SinarHarapan.id – Putusan Majelis Hakim Pengadilan Negeri Makassar yang menjatuhkan hukuman tujuh bulan penjara kepada empat aktivis politik asal Sorong kembali memantik sorotan atas praktik pembatasan kebebasan berekspresi di Tanah Papua. Amnesty International Indonesia menilai vonis tersebut mengulang pola kriminalisasi terhadap warga yang menyampaikan pendapatnya secara damai.
Deputi Direktur Amnesty International Indonesia, Wirya Adiwena, menyebut langkah hukum itu “mempertegas bagaimana ekspresi politik damai di Papua kerap dijawab dengan kriminalisasi.” Keempat aktivis tersebut, Abraham Goram Gaman, Piter Robaha, Nikson Mai, dan Maksi Sangkek—dituduh melakukan makar setelah mendatangi sejumlah kantor pemerintahan di Sorong untuk mengantarkan surat berisi aspirasi dan klaim politik.
Menurut Amnesty, tindakan itu tidak mengandung kekerasan dan berada dalam koridor kebebasan berekspresi yang dijamin Konstitusi.
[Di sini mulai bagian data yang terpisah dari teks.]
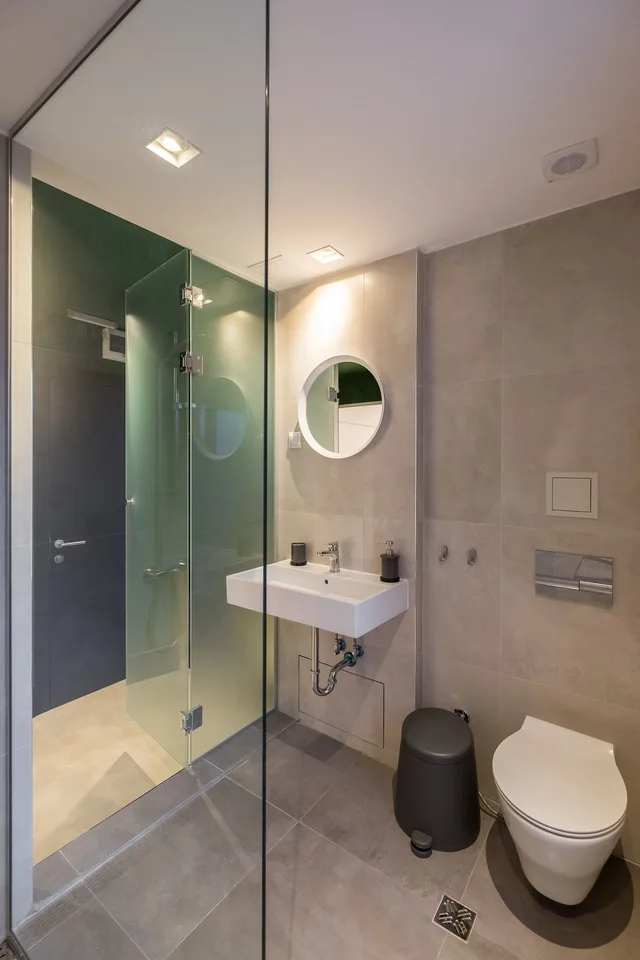 Deluxe, Twin Beds, R34 Boutique Hotel 4/6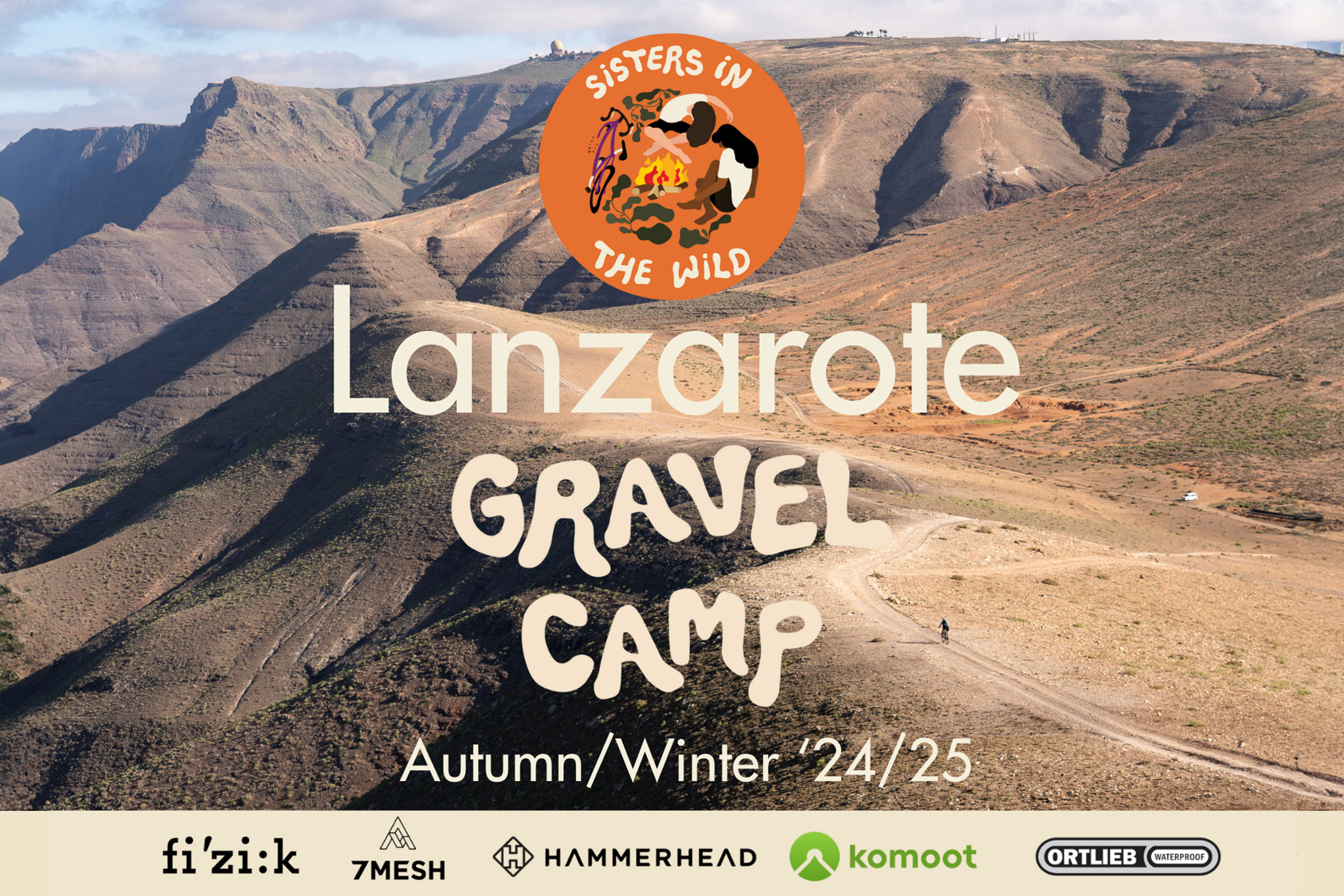 Lanzarote Gravel Camp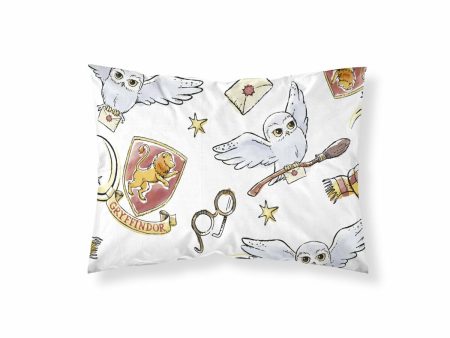 Pillowcase Harry Potter Hedwig Multicolour 50x80cm Online now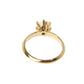 Dijamantni prsten 1,01 ct.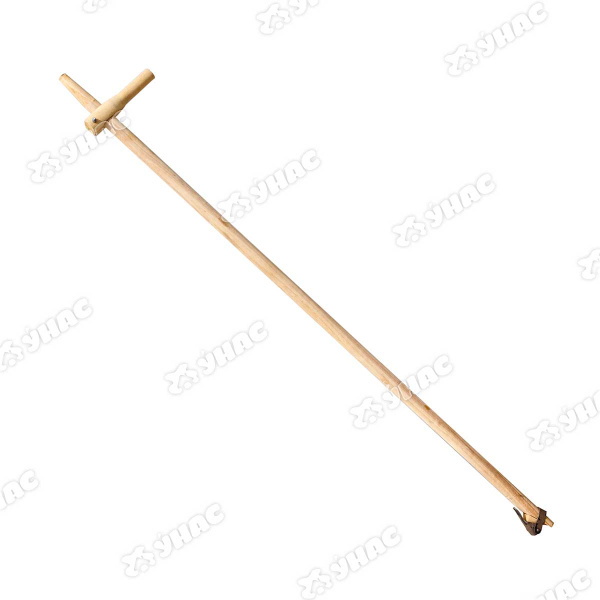 Косовище деревянное в сборе цельное с приспособлениями ПК-1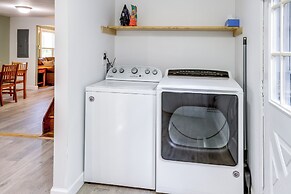 Charming Watkins Glen Home w/ Yard!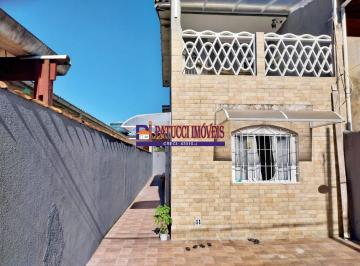Casa · 2 Quartos · 2 Vagas · Imóvel Mobiliado com Varanda e Quintal para Lazer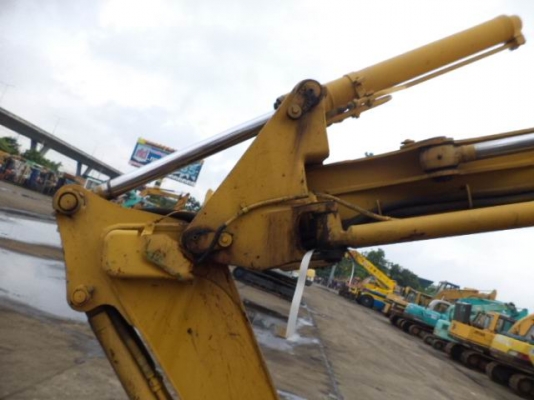 ขายด่วน..รถแบคโฮ CAT 308 B S/N 3YS02881 ผลิตปี 2000 รถสวย เก่าญี่ปุ่น มีใบอินวอยล์.
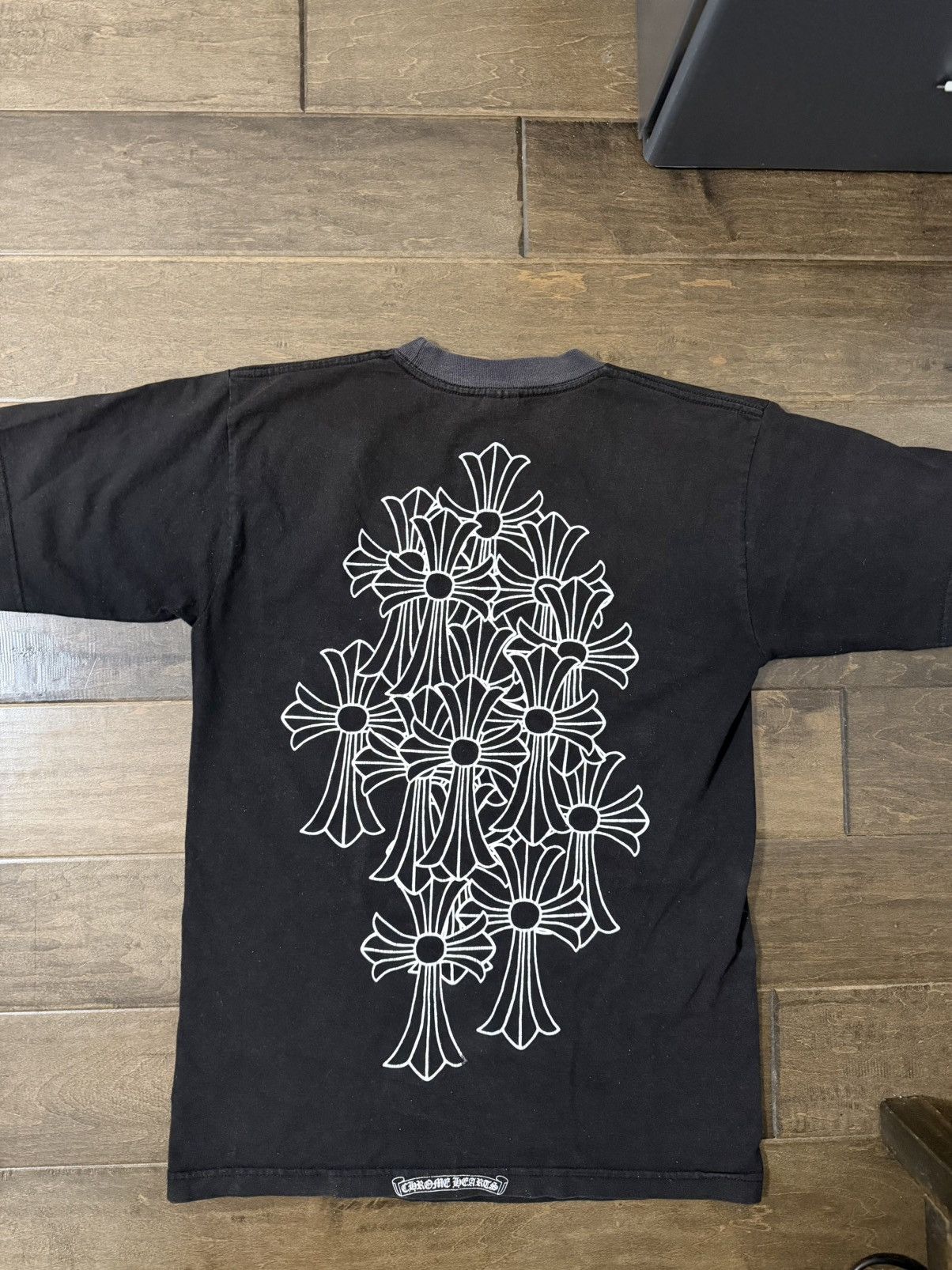 Hearts Rare Chrome Hearts Cemetery Tee Hoodie, Sweatshirt | PodTeesHub.com
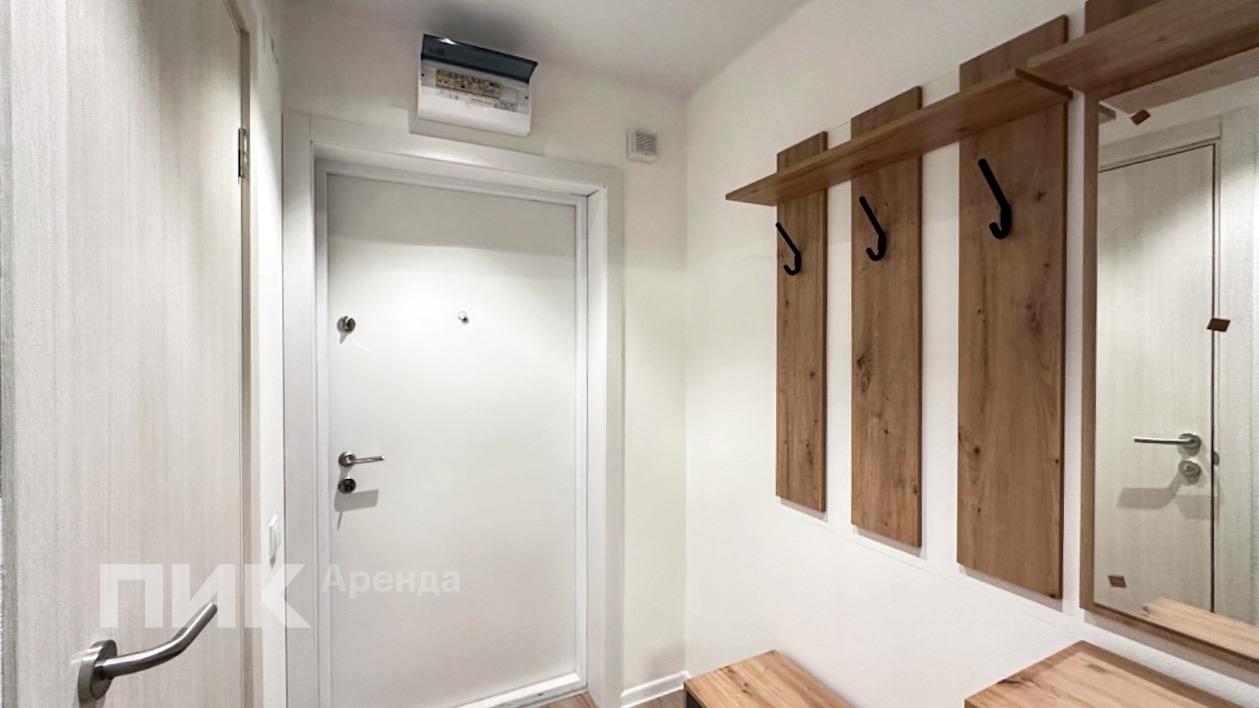 студия, 19.6 м², 49 900 ₽/мес — фото № 10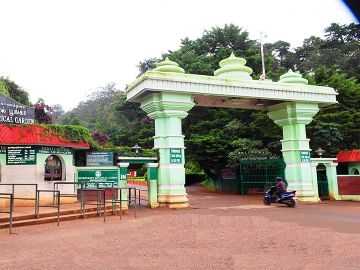 Ooty-Mysore Package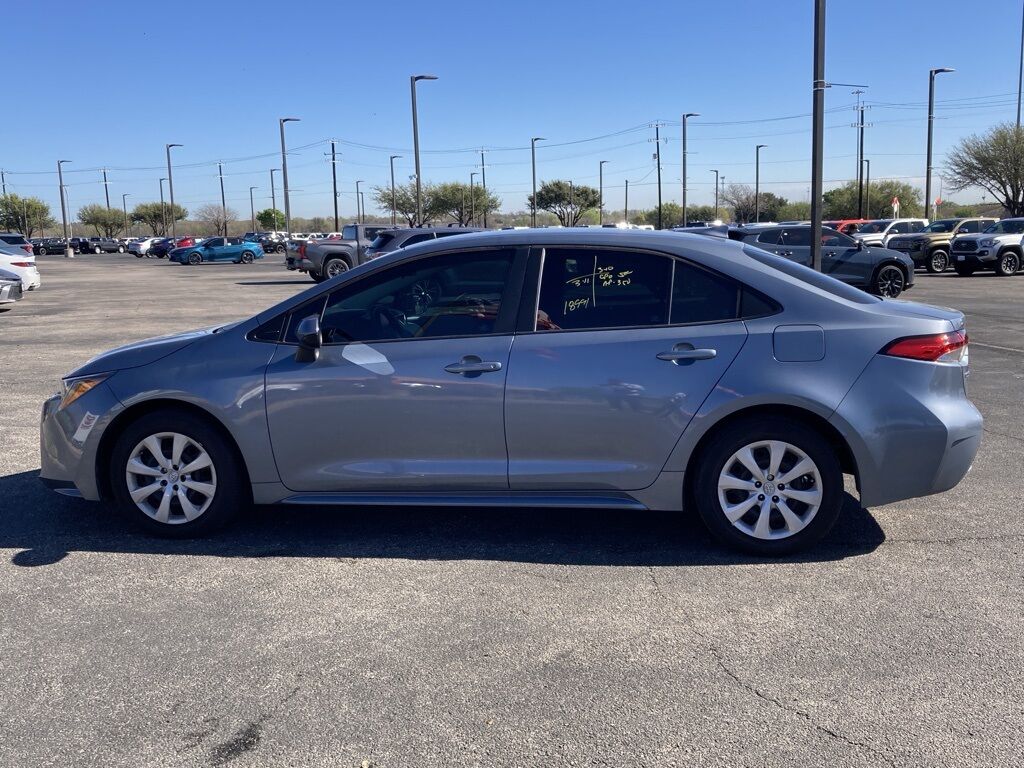 2022 Toyota Corolla LE San Antonio TX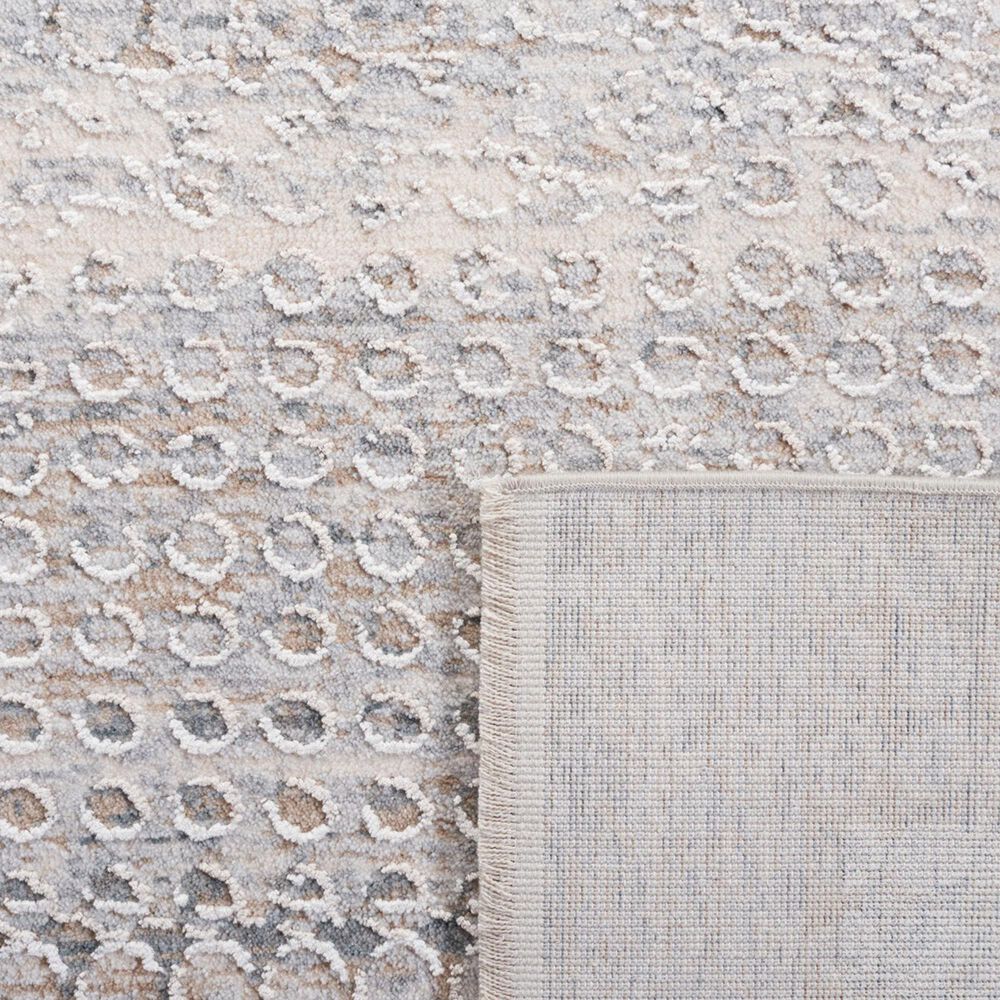 Safavieh Marmara MRM300F 2&#39; x 8&#39; Grey, Beige and Blue Runner, , large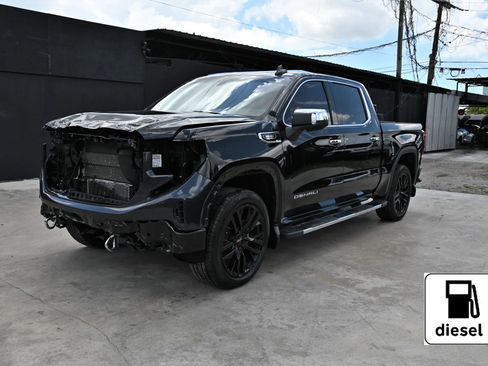 Used 2023 GMC Sierra 1500 Denali AWD/4WD image 1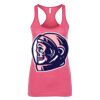 Women's Racerback Blend Tank Vignette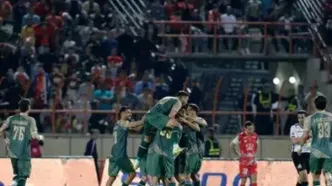 اولین شگفتی جام حذفی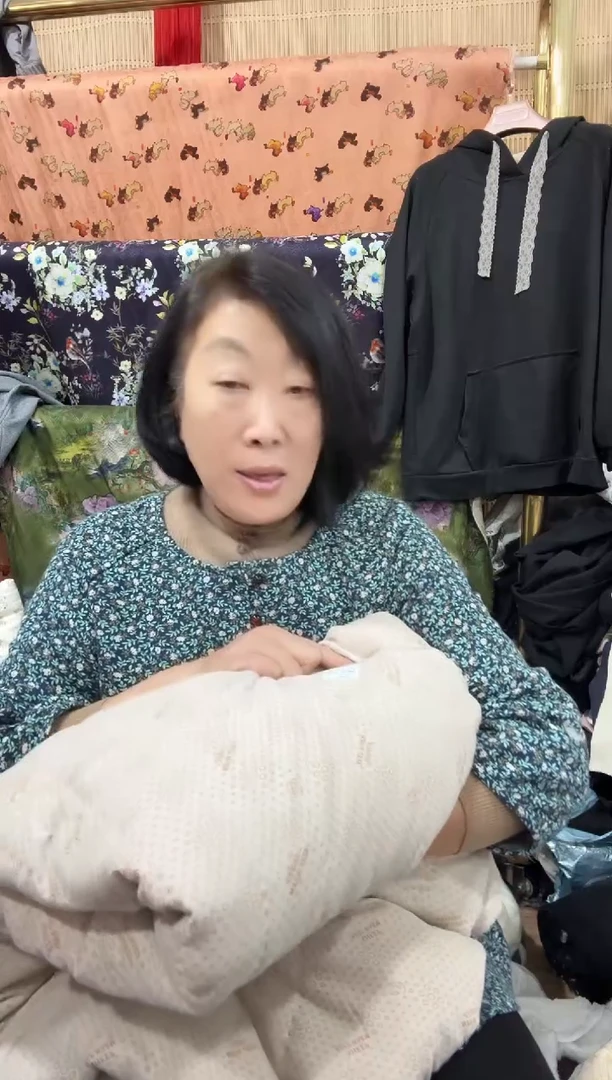 绗棉布头一块 49号    2.1米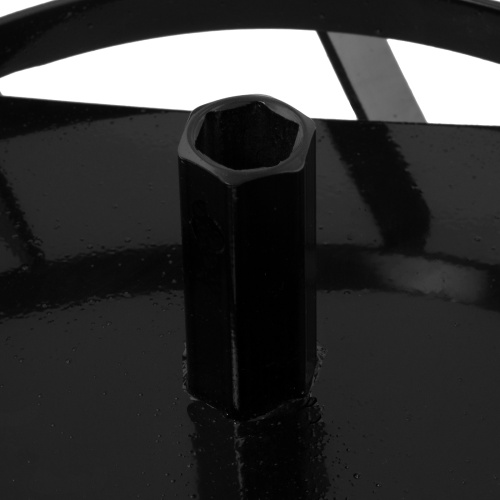 Грунтозацепы 380/160 мм, посадка шест. 23 мм, комплект 2 шт Denzel купить в Москве с доставкой по всей России | ProtosMarket.ru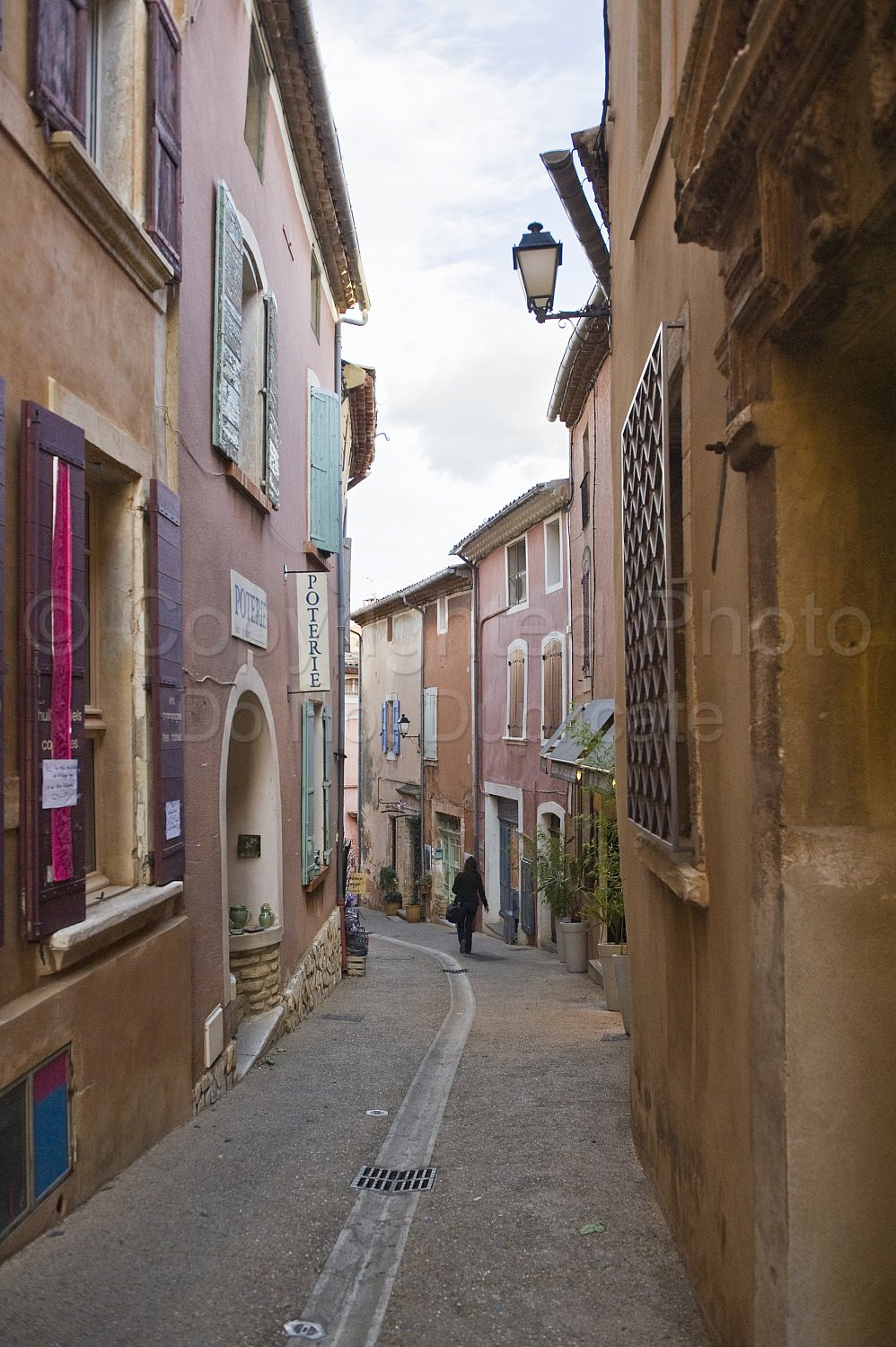 Provence Scene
Pasal 28E Undang-Undang Dasar 1945, serta Kovenan Internasional tentang Hak-Hak Sipil dan Politik (ICCPR), yang telah diratifikasi Indonesia, menjamin hak warga untuk menyampaikan pendapat secara damai.

“Pengadilan seharusnya menjadi tempat terakhir mencari keadilan berbasis HAM, bukan alat membatasi suara politik orang asli Papua,” ujar Wirya. Ia menilai penggunaan pasal makar dalam kasus ini merupakan bentuk perluasan tafsir terhadap perbuatan yang sebenarnya tidak memenuhi unsur “kejahatan terhadap keamanan negara.”
Vonis dan Dakwaan
Putusan dibacakan pada 19 November 2025. Sebelumnya, jaksa menuntut hukuman delapan bulan penjara serta biaya perkara Rp 5.000. Mereka menilai para aktivis bersalah melakukan makar sebagaimana diatur dalam Pasal 106 jo. Pasal 55 Ayat (1) ke-1 KUHP.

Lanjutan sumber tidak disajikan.